[EXERCISE OBJECTIVE]
Please transcribe only the lines from the one holding "おとこの子 ブルーボウ ベイビーシャワーのご招待 招待状" through the final line of the data, both included, with no pictures.

[EXTRACTED DATA]

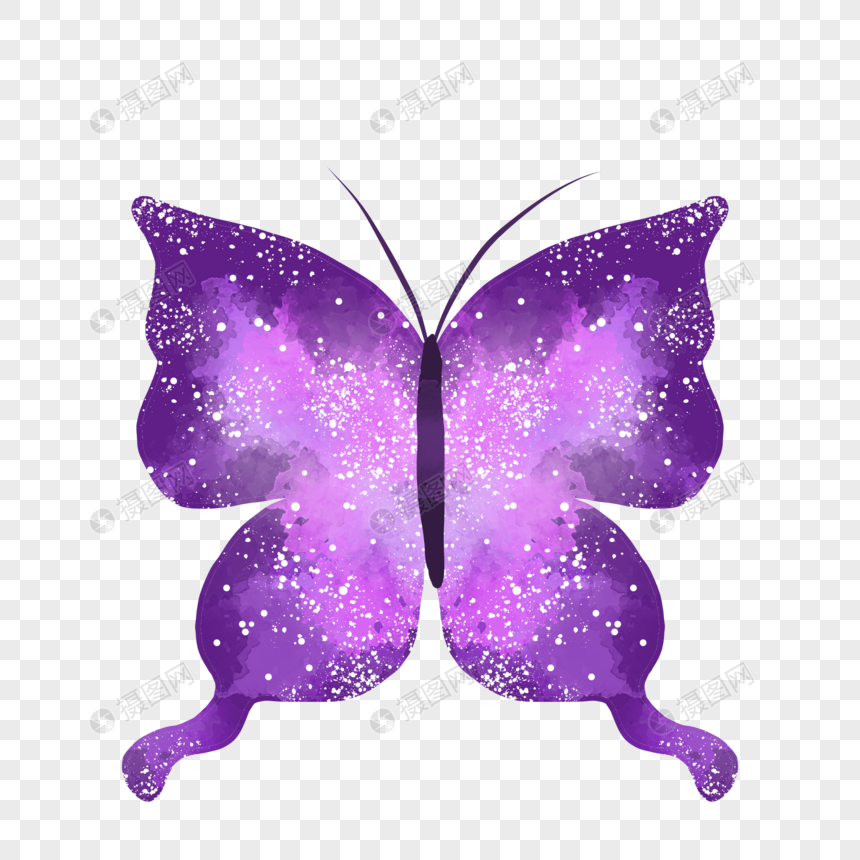 夏天星空蝴蝶紫色渐变星星白色手绘装饰图案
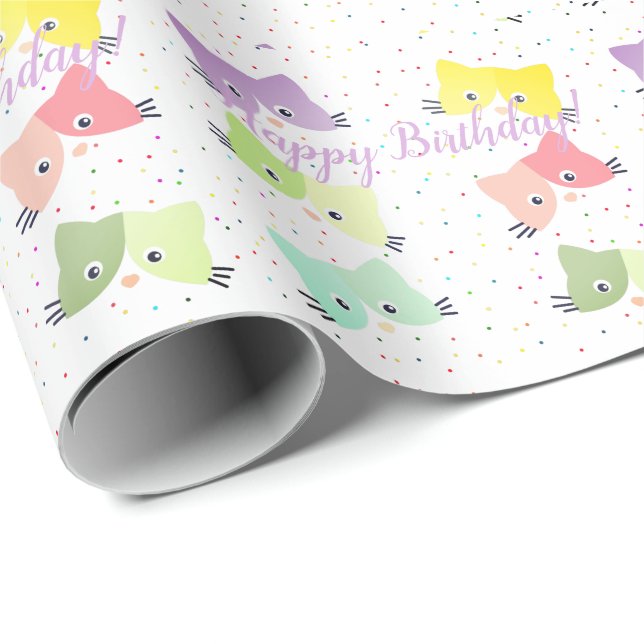 Colourful Happy Kittens Pattern  Wrapping Paper (Roll Corner)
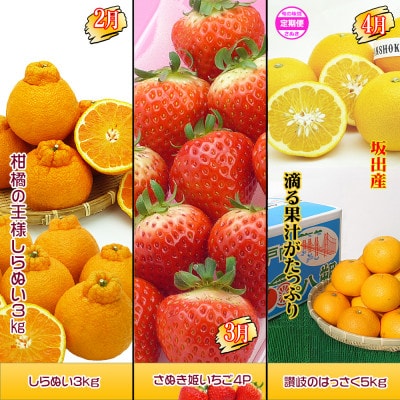 【発送月固定定期便】創業100年坂出産のフルーツとさぬきの特産品の定期便【Aコース9回】全9回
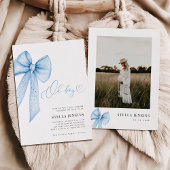 おとこの子 ブルーボウ ベイビーシャワーのご招待 招待状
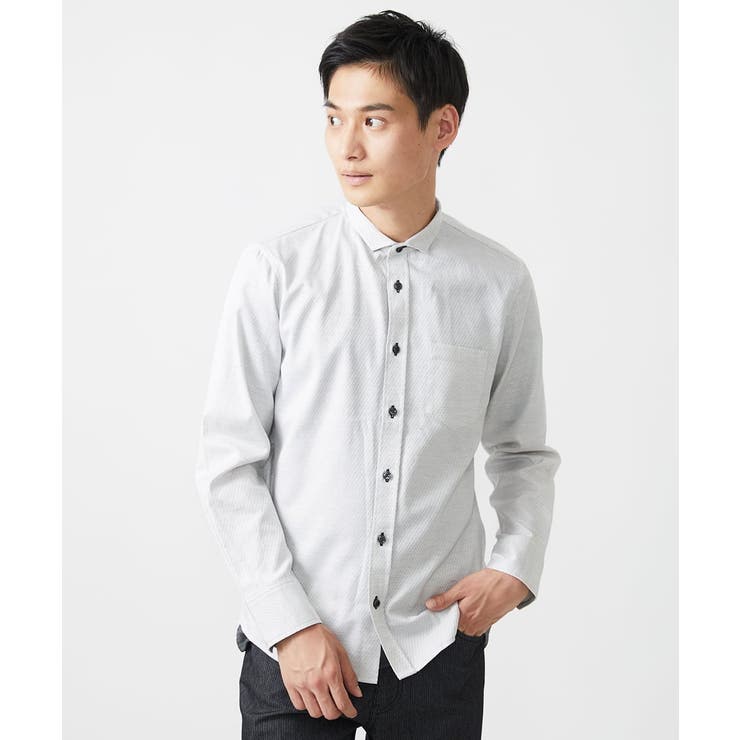 日本製生地使用】長袖シャツ/ダイヤシャンブレー[品番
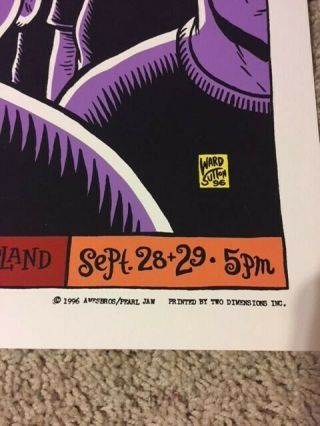 Rare 1996 Seattle Pearl Jam Ward Sutton Concert Poster Randall’s Island 2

[YOUR SOLUTION]
 おとこの子 ブルーボウ ベイビーシャワーのご招待 招待状
 日本製生地使用】長袖シャツ/ダイヤシャンブレー[品番
 Rare 1996 Seattle Pearl Jam Ward Sutton Concert Poster Randall’s Island 2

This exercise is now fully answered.